BACKGROUND OF THE ART
[0003] Artificial neural networks have gone through a recent rise
in popularity, achieving state-of-the-art results in various
fields, including image classification, speech recognition, and
automated control. Both the performance and computational
complexity of such models are heavily dependent on the design of
characteristic hyper-parameters (e.g., number of hidden layers,
nodes per layer, or choice of activation functions), which have
traditionally been optimized manually. With machine learning
penetrating low-power mobile and embedded areas, the need to
optimize not only for performance (accuracy), but also for
implementation complexity, becomes paramount.
[0004] Given spaces which can easily exceed 10.sup.20 solutions,
manually designing a near-optimal architecture is unlikely as
opportunities to reduce network complexity, while maintaining
performance, may be overlooked. This problem is exacerbated by the
fact that hyper-parameters which perform well on specific datasets
may yield sub-par results on others, and must therefore be designed
on a per-application basis.
[0005] As such, there is a need for techniques which facilitate the
optimization of neural networks.
SUMMARY
[0006] There is provided a multi-objective design space exploration
method that may assist in reducing the number of solution networks
trained and evaluated through response surface modelling. Machine
learning is leveraged by training an artificial neural network to
predict the performance of future candidate networks. The method
may be used to evaluate standard image datasets, optimizing for
both recognition accuracy and computational complexity. Certain
experimental results demonstrate that the proposed method can
closely approximate the Pareto-optimal front, while only exploring
a small fraction of the design space.
[0007] In accordance with a broad aspect, there is provided a
method for identifying at least one neural network suitable for a
given application. A candidate set of neural network parameters
associated with a candidate neural network is selected. At least
one performance characteristic of the candidate neural network is
predicted. The at least one performance characteristic of the
candidate neural network is compared against a current performance
baseline. When the at least one performance characteristic exceeds
the current performance baseline, a predetermined training dataset
is used to train and test the candidate neural network for
identifying the at least one suitable neural network.

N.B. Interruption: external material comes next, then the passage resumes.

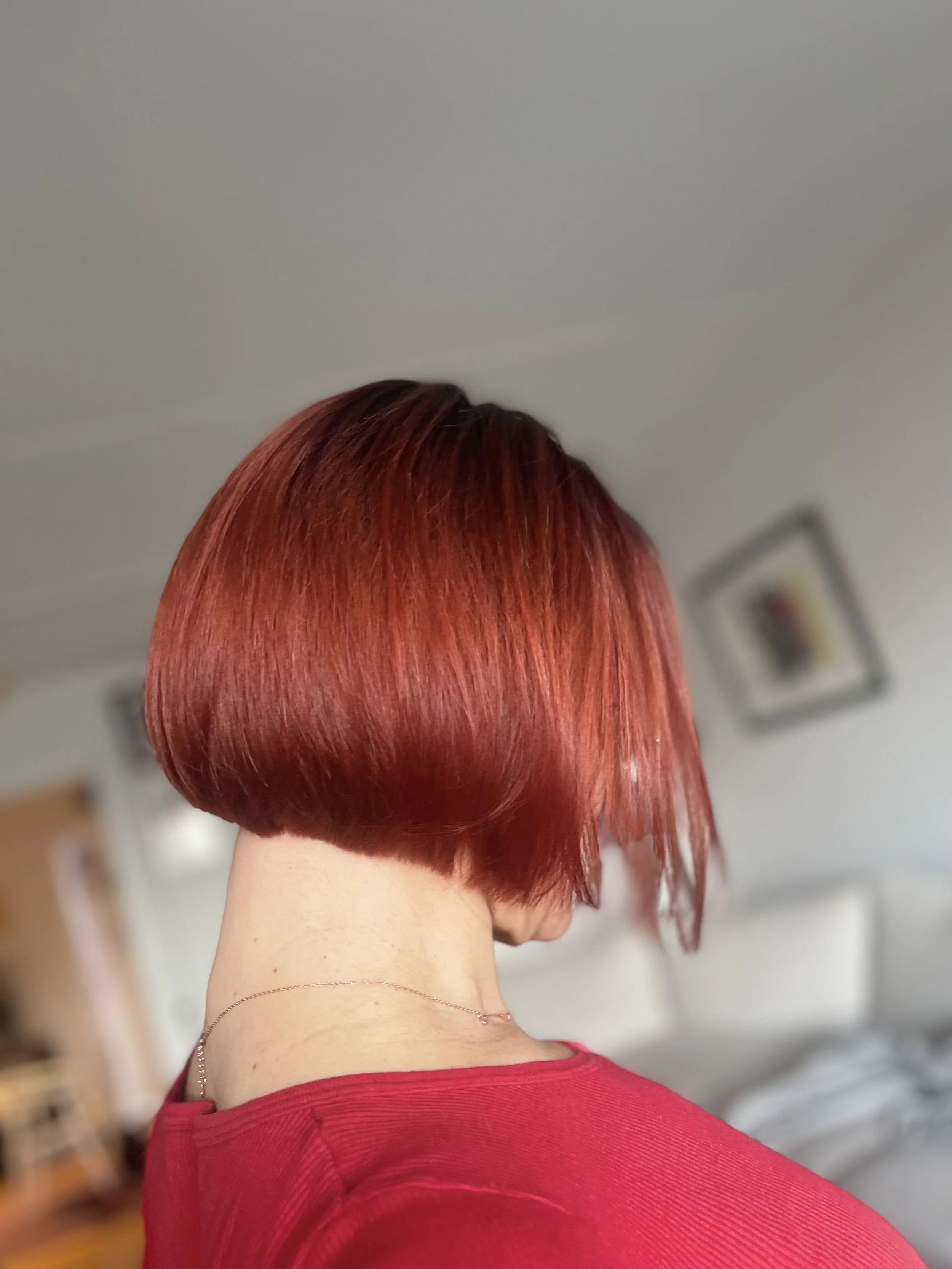 “Den Perfekte Bob: Trends, Tips og Personlig Styling” (Copy)
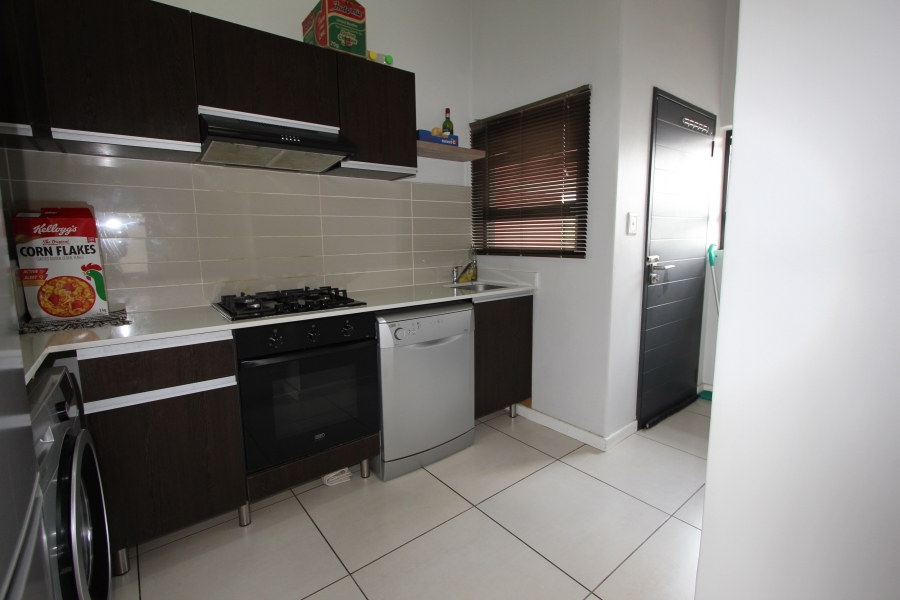 To Let 1 Bedroom Property for Rent in Fourways Gauteng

[0008] In accordance with another broad aspect, there is provided a
system for identifying at least one neural network suitable for a
given application. The system comprises a processing unit and a
non-transitory computer-readable memory communicatively coupled to
the processing unit and comprising computer-readable program
instructions executable by the processing unit for selecting a
candidate set of neural network parameters associated with a
candidate neural network, predicting at least one performance
characteristic of the candidate neural network, comparing the at
least one performance characteristic of the candidate neural
network against a current performance baseline, and when the at
least one performance characteristic exceeds the current
performance baseline, using a predetermined training dataset for
training and testing the candidate neural network to identify the
at least one suitable neural network.
BRIEF DESCRIPTION OF THE DRAWINGS
[0009] Further features and advantages of the present invention
will become apparent from the following detailed description, taken
in combination with the appended drawings, in which:
[0010] FIG. 1 is a flowchart of an example method for identifying a
neural network suitable for a given application.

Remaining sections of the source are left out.